Die Spielregeln ändern sich gerade

Fünf Jahre, das ist angesichts der rasanten Innovationszyklen des 4.0-Zeitalters eine Ewigkeit. Einzelhandel, Hotelbranche oder Taxigewerbe zeigen, wie viel schneller einem das Wasser von digitalen Wettbewerbern abgegraben werden kann. B2B und Produktionstechnik funktionieren aber doch nach ganz anderen Prinzipien, hört man dann oft. Wirklich? Was gerade zum Beispiel mit der Plattformökonomie geschieht, zeigt, wie schnell sich auch im Industrieumfeld die Spielregeln ändern könnten. Noch sind es vielfach die Platzhirsche der Produktionstechnik, die ihre Claims abstecken. Dass hier aber auf lange Sicht ganz selbstverständlich die alten Industriegrößen dominieren werden, wäre ein naiver Gedanke. Eine digitale industrielle Plattform kann auch ein kleiner Branchenfremder ohne großen Ressourcenaufwand entwickeln – schneller, günstiger und vor allem ohne Rücksicht auf das eigene Bestandsgeschäft.

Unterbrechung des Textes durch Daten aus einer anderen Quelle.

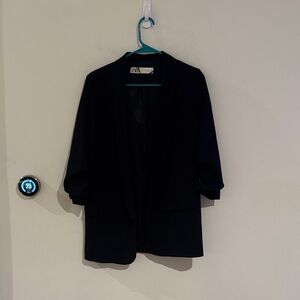 Zara Elegant Rouched Sleeve Black Blazer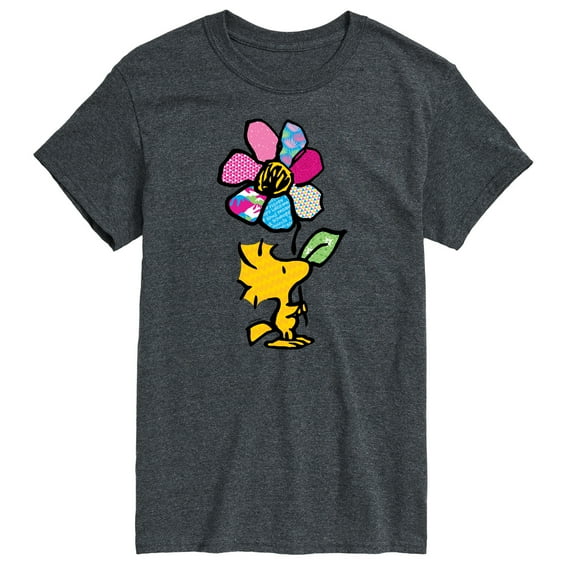 Peanuts - Woodstock With Flower And Pattern - Men's Short Sleeve Graphic T-Shirt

Potenziale verhungern in Kennzahlen-Denke

Selbst auf ihr Monopol der Produktion können sich Industriebetriebe nicht langfristig verlassen. Die additive Fertigung zum Beispiel könnte sogar Verbrauchern in nicht allzu ferner Zukunft ermöglichen, Geräte und Teile mittels des heimischen 3D-Druckers herzustellen. Ganz zu schweigen von kommerziellen Anbietern wie Kaufhäusern und Werkstätten. Ein Hirngespinst – oder einfach die logische Fortführung aktueller Entwicklungen? Ignorieren sollten etablierte Industrieunternehmen solche Szenarien jedenfalls nicht. Doch die sind derzeit oft viel zu sehr mit sich selbst beschäftigt. Die Industrie 4.0-Diskussion dreht sich hauptsächlich um die Produktionshalle, Effizienz und Kostensenkung. Doch wenn man die Entwicklung neuer Ideen anderen überlässt, werden die eben auch das Geschäft der Zukunft machen.

Künstliche Intelligenz auf dem Weg in den Alltag

Nicht besser sieht es in der Politik aus. Im Großen und Ganzen verlässt man sich darauf, dass die Dinge schon so bleiben werden, wie man es gewohnt ist – statt Impulse und Rahmenbedingungen für eine umfassende Erneuerung zu setzen, eine Art Volkswirtschaft 4.0. Nur ein Beispiel: Das Zugpferd der deutschen Wirtschaft, die Automobilindustrie, steht derzeit in den Umweltthemen stark unter Druck. Das wird heiß diskutiert und bestimmt die politische Agenda. Dass sich mit autonomen Automobilen aber eine weitaus größere Umwälzung am Horizont abzeichnet, wird viel zu wenig thematisiert. Schon jetzt hat das Automobil als Eigentum bei den Jüngeren deutlich an Wert verloren. Sobald künstliche Intelligenz den individuellen Personentransport auf Abruf ermöglicht, entfällt für sie die letzte Motivation für den eigenen Wagen. Wir sprechen hier nicht von Jahrzehnten. Künstliche Intelligenz wird immer noch unterschätzt oder kleingeredet. Zwar schlagen herausragende exotische Leistungen hohe Wellen, aktuell etwa die lernende Schachintelligenz von AlphaZero, aber für viele Zeitgenossen hat das wenig mit ihrer Lebenswirklichkeit zu tun. Doch Künstliche Intelligenz breitet sich schon rasant im Alltag aus. Smartphones zum Beispiel entwickeln sich gerade jeden Tag ein Stück weiter zu planenden Assistenten.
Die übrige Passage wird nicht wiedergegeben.